At R.K. Khan in Chatsworth we established:

  1. The urgent need for X-Ray machines to diagnose and treat trauma patients in a  casualty that itself requires an infrastructure overall;
  2. The creation of a separate psychiatric ward designed for their needs (psychiatric patients are presently mixed up with general patients);
  3. The replacement of asbestos hospital roofs with safe roofing materials; and
  4. A medium term plan to upgrade, renovate and develop the old St.
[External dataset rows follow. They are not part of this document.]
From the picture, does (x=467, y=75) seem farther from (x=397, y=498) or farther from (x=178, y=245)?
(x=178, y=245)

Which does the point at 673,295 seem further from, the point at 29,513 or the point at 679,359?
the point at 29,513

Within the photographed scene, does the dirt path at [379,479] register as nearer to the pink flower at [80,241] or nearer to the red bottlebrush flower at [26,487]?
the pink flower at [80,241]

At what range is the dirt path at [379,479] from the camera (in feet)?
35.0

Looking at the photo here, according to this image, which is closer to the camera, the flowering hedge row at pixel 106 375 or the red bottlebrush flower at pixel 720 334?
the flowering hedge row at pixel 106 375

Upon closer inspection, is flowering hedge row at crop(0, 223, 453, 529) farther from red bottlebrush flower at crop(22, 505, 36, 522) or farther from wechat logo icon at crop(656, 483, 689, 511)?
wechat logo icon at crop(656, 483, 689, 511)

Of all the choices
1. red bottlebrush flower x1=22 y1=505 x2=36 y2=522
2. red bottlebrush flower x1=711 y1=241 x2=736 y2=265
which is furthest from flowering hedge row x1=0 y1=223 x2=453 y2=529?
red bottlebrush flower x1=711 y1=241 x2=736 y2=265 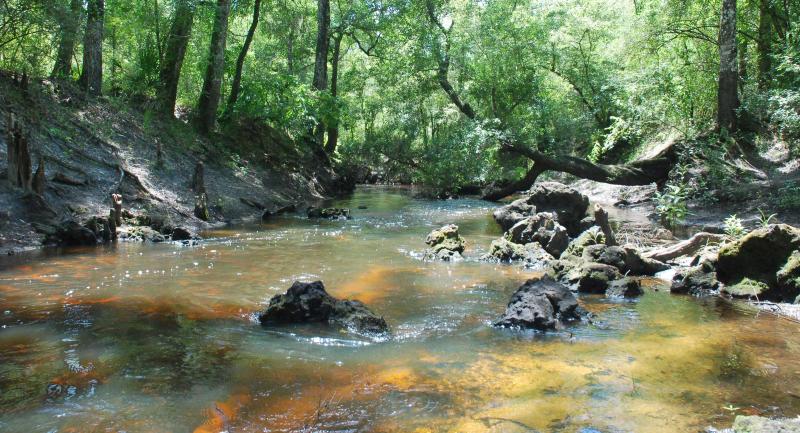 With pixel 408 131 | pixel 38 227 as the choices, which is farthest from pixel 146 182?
pixel 408 131

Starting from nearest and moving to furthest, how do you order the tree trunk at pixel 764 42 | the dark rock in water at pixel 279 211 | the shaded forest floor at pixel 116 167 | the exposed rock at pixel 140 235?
the shaded forest floor at pixel 116 167
the exposed rock at pixel 140 235
the tree trunk at pixel 764 42
the dark rock in water at pixel 279 211

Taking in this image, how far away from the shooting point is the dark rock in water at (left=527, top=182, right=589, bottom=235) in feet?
46.7

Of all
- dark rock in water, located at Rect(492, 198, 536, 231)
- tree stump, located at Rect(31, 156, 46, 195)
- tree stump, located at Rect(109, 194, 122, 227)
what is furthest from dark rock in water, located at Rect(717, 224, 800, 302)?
tree stump, located at Rect(31, 156, 46, 195)

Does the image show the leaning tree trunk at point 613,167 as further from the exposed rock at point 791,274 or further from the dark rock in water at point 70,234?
the dark rock in water at point 70,234

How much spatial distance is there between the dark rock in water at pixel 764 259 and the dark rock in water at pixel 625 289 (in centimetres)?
119

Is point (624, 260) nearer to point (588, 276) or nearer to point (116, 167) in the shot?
point (588, 276)

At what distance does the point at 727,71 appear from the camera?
1495 centimetres

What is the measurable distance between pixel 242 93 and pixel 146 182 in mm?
7937

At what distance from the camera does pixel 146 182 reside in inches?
565

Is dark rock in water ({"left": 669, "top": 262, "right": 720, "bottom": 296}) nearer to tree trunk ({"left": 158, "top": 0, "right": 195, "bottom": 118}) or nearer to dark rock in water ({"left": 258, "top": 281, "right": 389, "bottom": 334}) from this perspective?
dark rock in water ({"left": 258, "top": 281, "right": 389, "bottom": 334})

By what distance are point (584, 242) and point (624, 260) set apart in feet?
3.53

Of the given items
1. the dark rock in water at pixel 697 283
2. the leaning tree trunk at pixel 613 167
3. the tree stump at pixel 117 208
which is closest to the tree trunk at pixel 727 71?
the leaning tree trunk at pixel 613 167

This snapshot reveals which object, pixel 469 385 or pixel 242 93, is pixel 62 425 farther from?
pixel 242 93

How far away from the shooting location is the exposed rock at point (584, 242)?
10.3 meters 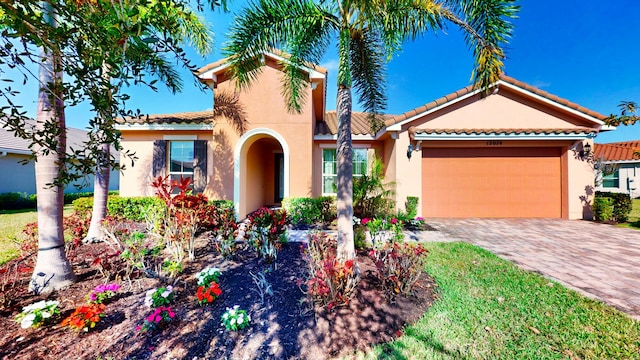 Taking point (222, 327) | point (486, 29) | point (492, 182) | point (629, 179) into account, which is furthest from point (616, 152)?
point (222, 327)

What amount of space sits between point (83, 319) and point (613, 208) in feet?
55.0

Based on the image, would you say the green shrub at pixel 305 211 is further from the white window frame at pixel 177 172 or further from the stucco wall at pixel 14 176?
the stucco wall at pixel 14 176

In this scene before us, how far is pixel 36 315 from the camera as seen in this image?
10.0 feet

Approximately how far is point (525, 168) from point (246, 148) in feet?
41.4

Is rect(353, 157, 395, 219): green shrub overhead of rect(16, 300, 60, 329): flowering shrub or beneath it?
overhead

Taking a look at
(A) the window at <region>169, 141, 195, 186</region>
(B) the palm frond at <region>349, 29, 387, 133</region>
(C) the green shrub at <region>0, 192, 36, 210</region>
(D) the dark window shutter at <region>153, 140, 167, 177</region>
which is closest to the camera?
(B) the palm frond at <region>349, 29, 387, 133</region>

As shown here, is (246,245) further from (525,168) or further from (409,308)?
(525,168)

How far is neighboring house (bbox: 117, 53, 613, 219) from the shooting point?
29.8 feet

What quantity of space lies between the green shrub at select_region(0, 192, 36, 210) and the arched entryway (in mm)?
14582

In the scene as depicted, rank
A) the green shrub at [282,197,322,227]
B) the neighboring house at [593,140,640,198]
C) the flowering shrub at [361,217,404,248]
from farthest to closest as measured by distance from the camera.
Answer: the neighboring house at [593,140,640,198]
the green shrub at [282,197,322,227]
the flowering shrub at [361,217,404,248]

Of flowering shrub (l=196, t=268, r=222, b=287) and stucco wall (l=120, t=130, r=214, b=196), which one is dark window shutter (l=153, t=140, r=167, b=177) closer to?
stucco wall (l=120, t=130, r=214, b=196)

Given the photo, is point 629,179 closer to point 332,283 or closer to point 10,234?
point 332,283

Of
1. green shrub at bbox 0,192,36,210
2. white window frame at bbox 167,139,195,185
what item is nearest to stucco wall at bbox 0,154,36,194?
green shrub at bbox 0,192,36,210

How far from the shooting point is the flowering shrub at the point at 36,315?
299 centimetres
Mary Hospital into a proper district hospital that would take considerable pressure off R.K. Khan.

The residents served by these health facilities are hostage to KZN’s slow moving heath department. Some of the problems, like the X-Ray machine issue at R.K. Khan can be fixed now, others like staffing challenges in a year and yet others like a renovated district hospital over 2-5 years.

The DA’s Universal Health Care (UHC) offer will show that an adaptable health system that focuses on fixing what needs to be fixed without waiting on a monumentally expensive and slow-moving National Health Insurance (NHI) that will take 8-15 years to implement. Required is a sense of urgency, focus and sheer common sense. 

South Africans should vote for a DA government that responds timeously and diligently to the health needs of the people in areas that we govern. South Africans should for the DA on 03 August for better services that move SA forward again.